PP – Sendo um dos mais importantes e inovadores nomes do universo pop da música nacional da década de 80, acham que deixaram alguma espécie de legado? A par dos Pop Dell’Arte, os Mler Ife Dada conseguiram «surrealizar» o espetro musical português…
NR - Sinceramente, não sei.
AD - Ouvi alguns rumores de possíveis influências em outros músicos e grupos, e até há um trabalho científico sobre os Mler ife, apresentado em universidades, o que, até certo ponto, é algo desconcertante. Mas eu também já apresentei comunicações sobre a Diamanda Galàs ou o Lou Reed... Fazemos parte, creio, de um contexto cultural a que não podemos escapar.

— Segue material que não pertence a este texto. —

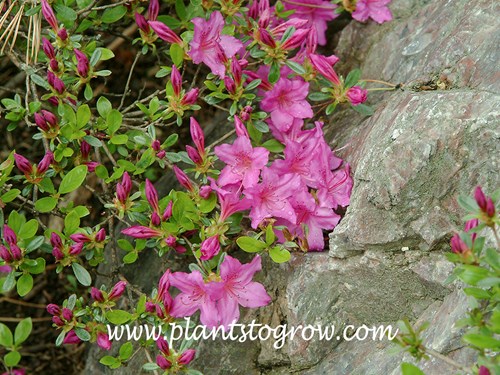 Compact Korean Rhododendron (Rhododendron yedoense var poukhanense Compactum)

PP – Dois anos depois de lançarem “Coisas que fascinam”, os Mler Ife Dada terminaram devido a desentendimentos entre o Nuno Rebelo e a Anabela Duarte, por altura da edição de "Espírito Invisível". Hoje, décadas depois, já pensaram como teria sido o sucessor do disco editado em 1989, se tivessem continuado a compor juntos?
NR - É-me muito difícil imaginar isso. Não foram apenas os desentendimentos que levaram ao fim do grupo. Eu também sentia que a minha passagem pela pop estava a esgotar-se e sentia necessidade de aprofundar a minha viagem na música por outras paragens, que foi o que fiz.

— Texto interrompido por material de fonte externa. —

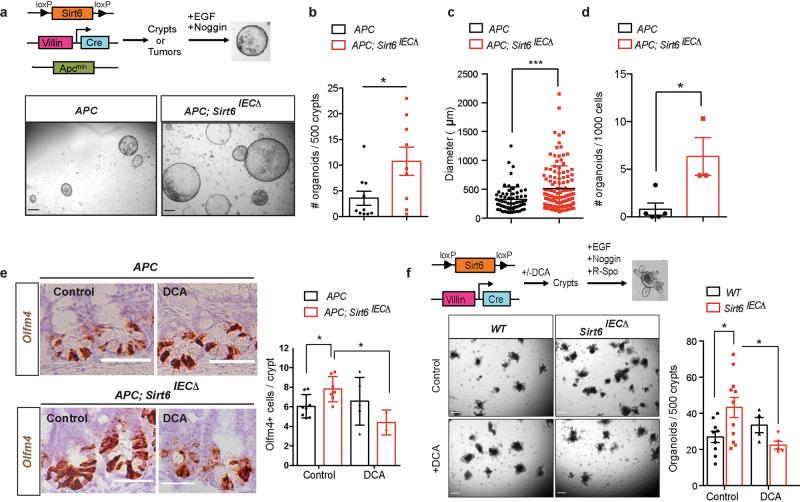 https://cdn.ncbi.nlm.nih.gov/pmc/blobs/be58/8938512/978b4555c8db/41467_2022_29085_Fig1_HTML.jpg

AD - Teria sido bom, imagino, mas provavelmente com outros músicos. Aquele casting é que se tinha esgotado, na minha opinião, mas, na altura, era difícil compreender isso. Cada um seguiu o seu caminho e somos os únicos sobreviventes com um percurso significativo na música, entre outras coisas.

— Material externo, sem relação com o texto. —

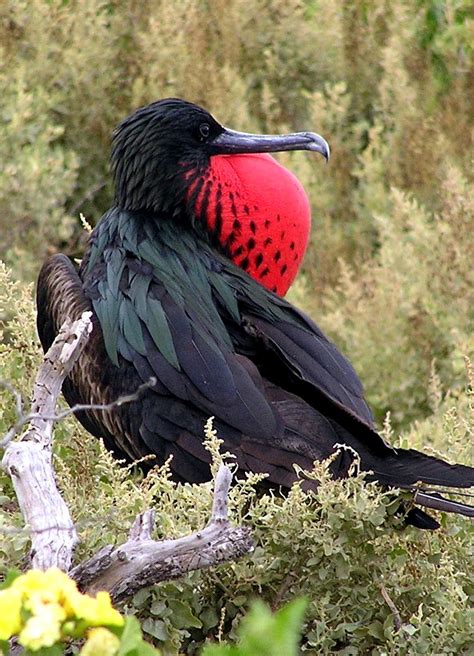 Magnificent Frigate Bird All Birds Birds Of Prey Frigatebird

PP – Desde a génese da banda que procuraram transgredir e extravasar o conceito pop. “Nu Ar”, a vossa primeira mostra musical, pautava-se pelo corte com o som vigente. Acreditavam que podiam reeducar o ouvido e a mente das pessoas?
NR - Para mim, os Mler Ife eram, entre outras coisas, um laboratório de composição pop, uma forma de aprendizagem pessoal do ato de compor. Usando as suas palavras, eram os meus ouvidos e a minha mente que estavam a ser reeducados e isso refletia-se naquilo que eu compunha para o grupo. Modestamente, não creio que tenha pensado alguma vez que estava a reeducar as pessoas.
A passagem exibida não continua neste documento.